Suppose that you have exported our list of people (now expanded to include a hair colour column) to a CSV file.  This is what it looks like in Excel:

List of people with hair colour

In Excel we now have 3 columns.


The CSV file generated looks like this:

CSV file containing 3 columns

The CSV file contains a list of the people, with column values separated by commas.


If you wanted to read these values in to extract the name, age and hair colour for each person, by far the easiest way to do it would be to split each line up, using the commas as separation characters.  Here is code to do this:

Sub ReadLines()

'see other blog for more on this

Dim fso As New FileSystemObject

'array of values in each line

Dim LineValues() As String

'each new line read in from the text stream

Dim ReadLine As String

Dim ts As TextStream

'open file

Set ts = fso.OpenTextFile("c:\Wise Owl\people.csv")

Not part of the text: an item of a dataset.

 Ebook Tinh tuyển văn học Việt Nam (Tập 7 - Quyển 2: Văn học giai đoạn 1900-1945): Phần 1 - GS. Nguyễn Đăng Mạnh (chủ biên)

'keep going till no more lines

Do Until ts.AtEndOfStream

'read first line

ReadLine = ts.ReadLine

'split using commas

LineValues = Split(ReadLine, ",")

'write values into this row

ActiveCell.Value = LineValues(0)

ActiveCell.Offset(0, 1).Value = LineValues(1)

ActiveCell.Offset(0, 2).Value = LineValues(2)

'go on to next row

ActiveCell.Offset(1, 0).Select


End Sub

This routine would read in the CSV file line by line, splitting each line into an array by using the comma as a separator.  The result?

Recreated Excel worksheet

Assuming that you have A1 as the active cell when you run this macro, this is what you will get.


And that completes my thoughts on using arrays in VBA!